Обезьяна приходит за своим черепом - Домбровский Юрий Осипович. Страница 3

– Да что вы, что вы, сержант! – любезно развел руками Гарднер. – Разве я заявляю претензии? До свидания! – Он пошел и остановился. – Но только два слова на прощание вам, дорогой господин Мезонье. Вы же юрист – вот я все время с большим удовольствием читаю ваши интереснейшие статьи, – так неужели же вам непонятно, что если меня десять лет тому назад судили и осудили, то это только потому, что какие-то очень уважаемые круги сочли, что им будет спокойнее, если я, вместо того чтобы гулять по Парижу и Берлину, буду сидеть за решеткой. И если меня освободили, то опять-таки потому, что эти же самые в высшей степени авторитетные и высокочтимые круги вдруг решили, что теперь для их безопасности и спокойствия нужно, чтоб я именно гулял по Берлину и Парижу, а не сидел за решеткой. Вот и все! До свидания!

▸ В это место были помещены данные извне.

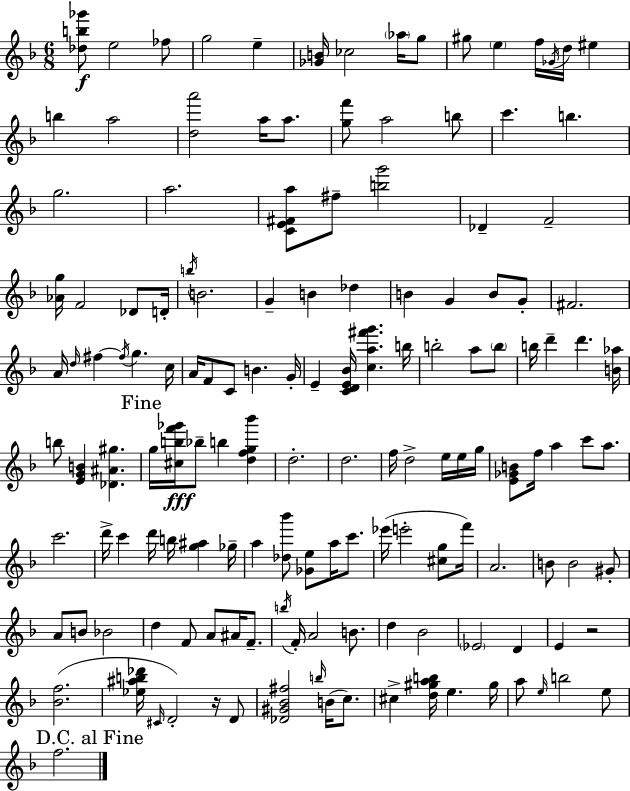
X:1
T:Untitled
M:6/8
L:1/4
K:Dm
[_db_g']/2 e2 _f/2 g2 e [_GB]/4 _c2 _a/4 g/2 ^g/2 e f/4 _G/4 d/4 ^e b a2 [da']2 a/4 a/2 [gf']/2 a2 b/2 c' b g2 a2 [CE^Fa]/2 ^f/2 [bg']2 _D F2 [_Ag]/4 F2 _D/2 D/4 b/4 B2 G B _d B G B/2 G/2 ^F2 A/4 d/4 ^f ^f/4 g c/4 A/4 F/2 C/2 B G/4 E [CDE_B]/4 [ca^f'g'] b/4 b2 a/2 b/2 b/4 d' d' [B_a]/4 b/2 [EGB] [_D^A^g] g/4 [^cbf'_g']/4 _b/2 b [dfg_b'] d2 d2 f/4 d2 e/4 e/4 g/4 [E_GB]/2 f/4 a c'/2 a/2 c'2 d'/4 c' d'/4 b/4 [g^a] _g/4 a [_d_b']/2 [_Ge]/2 a/4 c'/2 _e'/4 e'2 [^cg]/2 f'/4 A2 B/2 B2 ^G/2 A/2 B/2 _B2 d F/2 A/2 ^A/4 F/2 b/4 F/4 A2 B/2 d _B2 _E2 D E z2 [_Bf]2 [_e^ab_d']/4 ^C/4 D2 z/4 D/2 [_D^G_B^f]2 b/4 B/4 c/2 ^c [d^gab]/4 e ^g/4 a/2 e/4 b2 e/2 f2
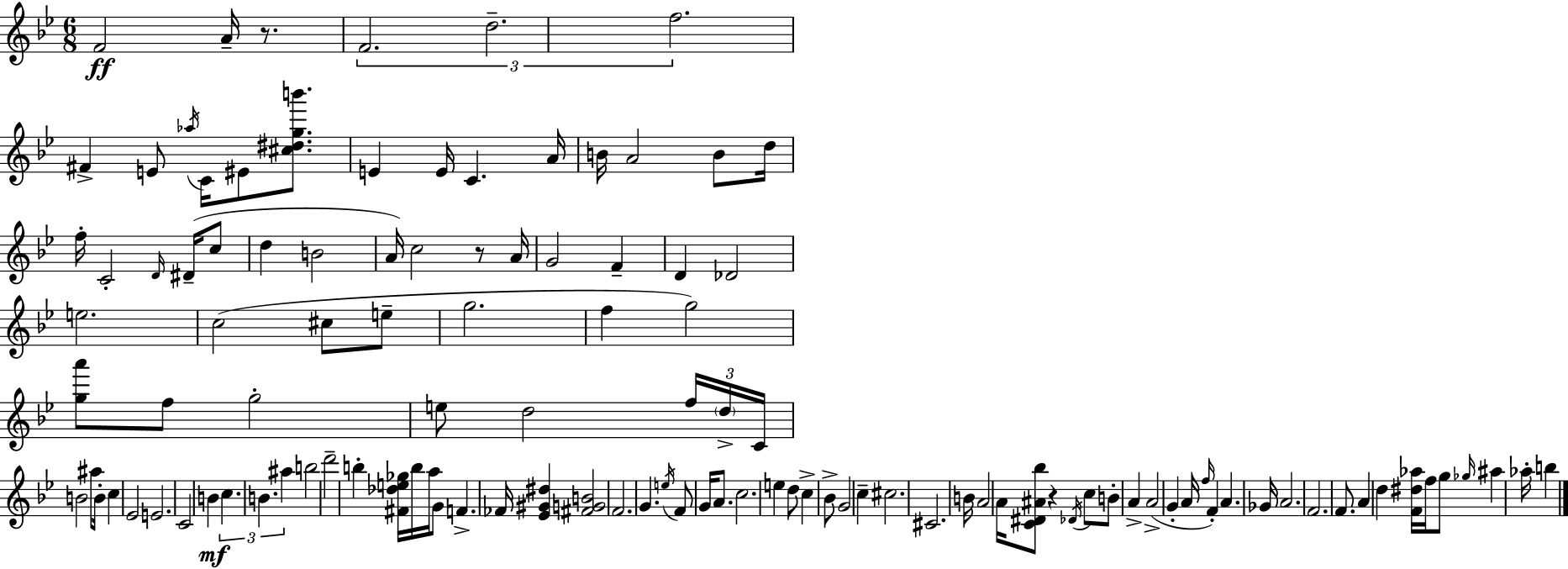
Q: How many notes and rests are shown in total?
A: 115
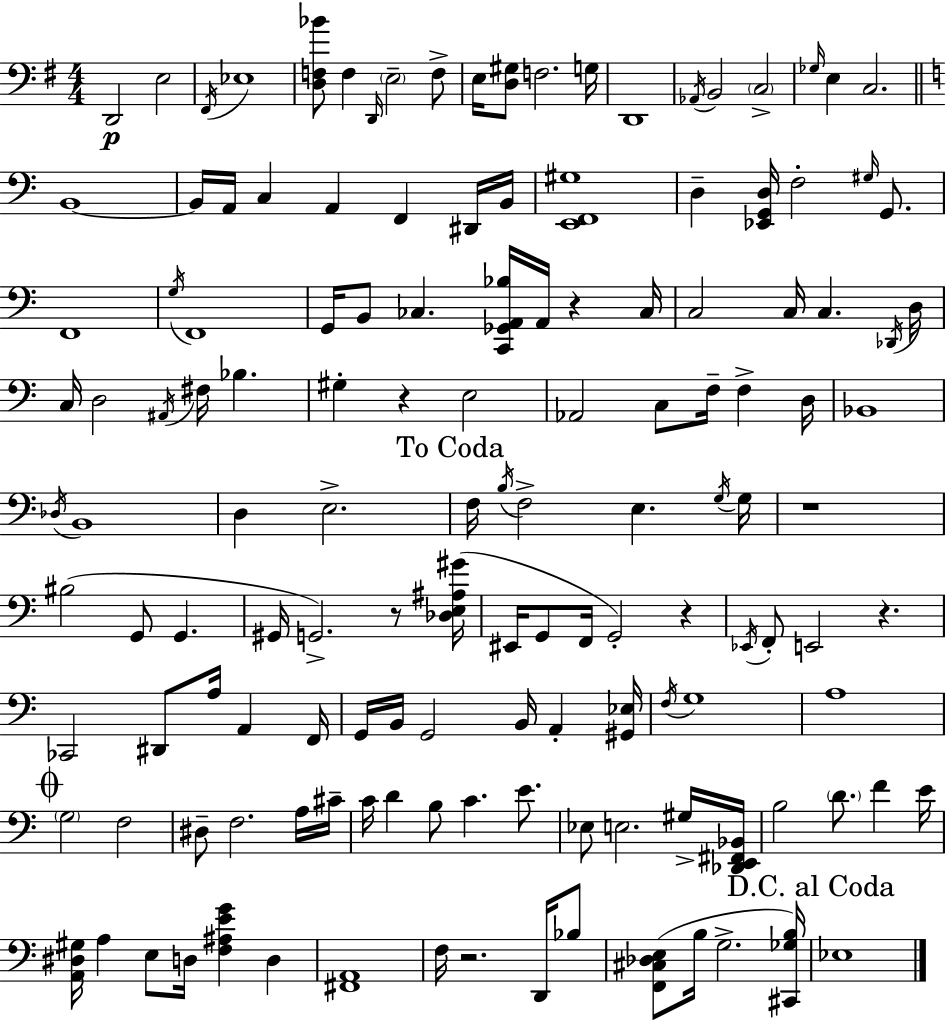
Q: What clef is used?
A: bass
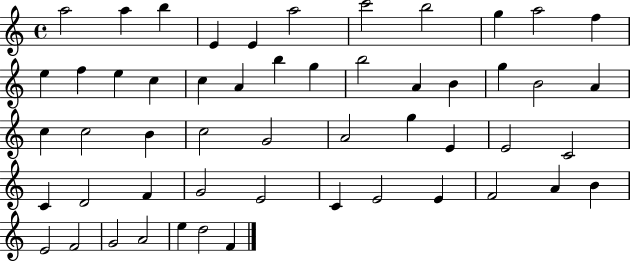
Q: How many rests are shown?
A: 0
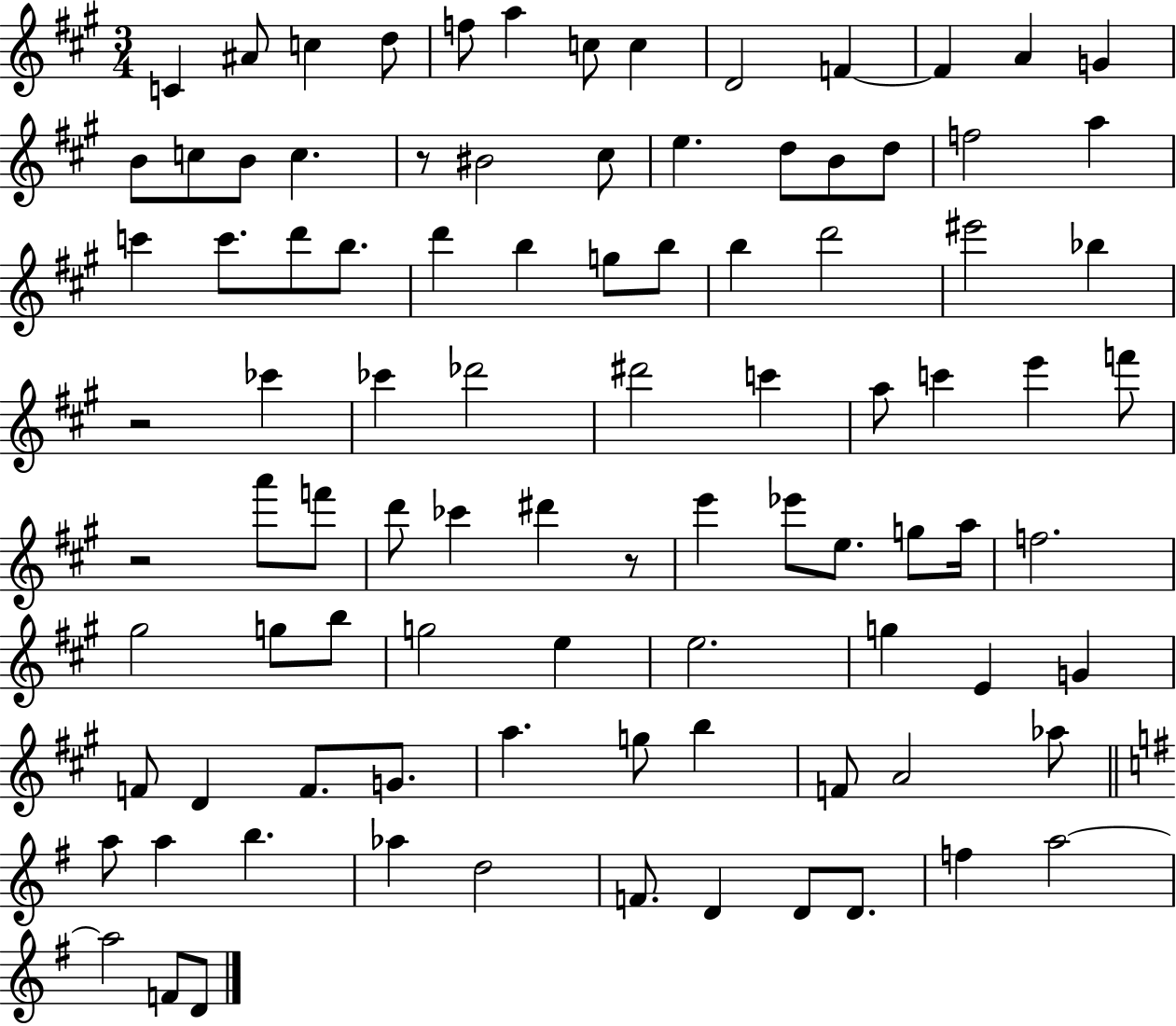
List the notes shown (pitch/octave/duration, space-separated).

C4/q A#4/e C5/q D5/e F5/e A5/q C5/e C5/q D4/h F4/q F4/q A4/q G4/q B4/e C5/e B4/e C5/q. R/e BIS4/h C#5/e E5/q. D5/e B4/e D5/e F5/h A5/q C6/q C6/e. D6/e B5/e. D6/q B5/q G5/e B5/e B5/q D6/h EIS6/h Bb5/q R/h CES6/q CES6/q Db6/h D#6/h C6/q A5/e C6/q E6/q F6/e R/h A6/e F6/e D6/e CES6/q D#6/q R/e E6/q Eb6/e E5/e. G5/e A5/s F5/h. G#5/h G5/e B5/e G5/h E5/q E5/h. G5/q E4/q G4/q F4/e D4/q F4/e. G4/e. A5/q. G5/e B5/q F4/e A4/h Ab5/e A5/e A5/q B5/q. Ab5/q D5/h F4/e. D4/q D4/e D4/e. F5/q A5/h A5/h F4/e D4/e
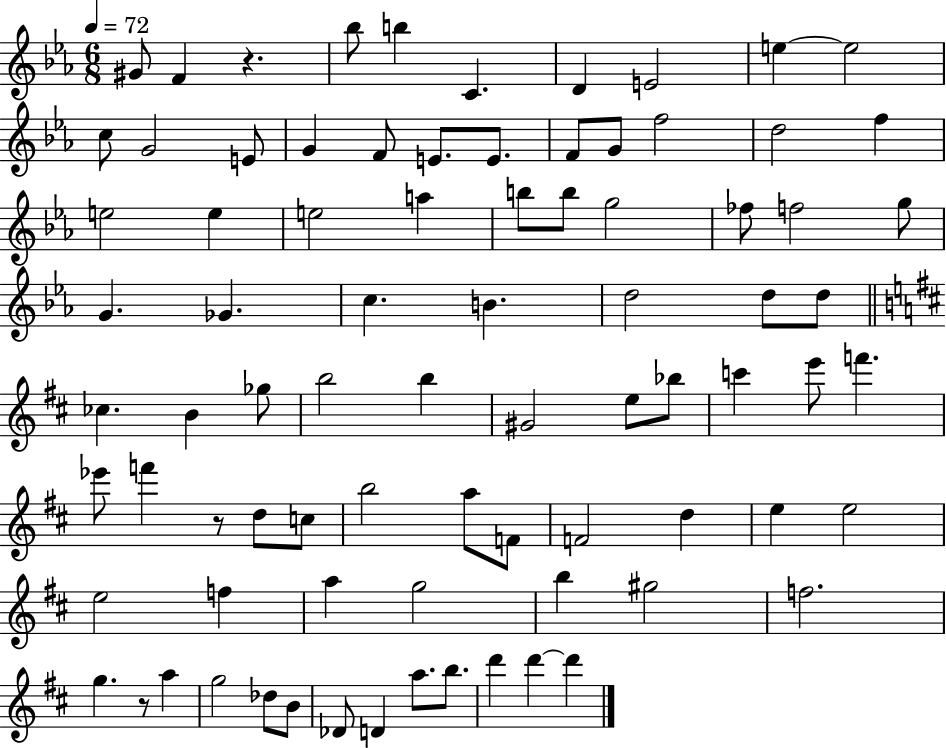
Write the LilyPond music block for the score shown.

{
  \clef treble
  \numericTimeSignature
  \time 6/8
  \key ees \major
  \tempo 4 = 72
  gis'8 f'4 r4. | bes''8 b''4 c'4. | d'4 e'2 | e''4~~ e''2 | \break c''8 g'2 e'8 | g'4 f'8 e'8. e'8. | f'8 g'8 f''2 | d''2 f''4 | \break e''2 e''4 | e''2 a''4 | b''8 b''8 g''2 | fes''8 f''2 g''8 | \break g'4. ges'4. | c''4. b'4. | d''2 d''8 d''8 | \bar "||" \break \key d \major ces''4. b'4 ges''8 | b''2 b''4 | gis'2 e''8 bes''8 | c'''4 e'''8 f'''4. | \break ees'''8 f'''4 r8 d''8 c''8 | b''2 a''8 f'8 | f'2 d''4 | e''4 e''2 | \break e''2 f''4 | a''4 g''2 | b''4 gis''2 | f''2. | \break g''4. r8 a''4 | g''2 des''8 b'8 | des'8 d'4 a''8. b''8. | d'''4 d'''4~~ d'''4 | \break \bar "|."
}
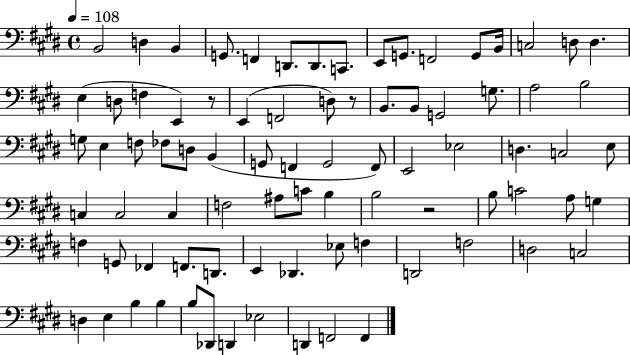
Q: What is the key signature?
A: E major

Что мне оставалось делать? Он все понимал и знал. Знал, где я был, знал, что я сейчас делаю, кем работаю, я же про него не знал ровно ничего, даже что он такой же равноправный гражданин, как и я, и того не знал. Вот он повернулся к нам спиной и пошел к зданию почты, за письмами, которые получает на имя убитого им Жослена. Конечно, теперь он уже не постесняется их взять. Мы, я и сержант, как бы легализировали его. Мы связались с ним, чтобы его погубить, а он сразу же нам показал, что мы и гроша медного не стоим перед ним, так чего ж ему с нами стесняться?

Он ушел, и с минуту мы стояли оба молча.

– Вы уж очень расстроились из-за него, – сказал сержант, – вот даже побледнели. Значит, действительно насолил он вам, мерзавец.

Я промолчал.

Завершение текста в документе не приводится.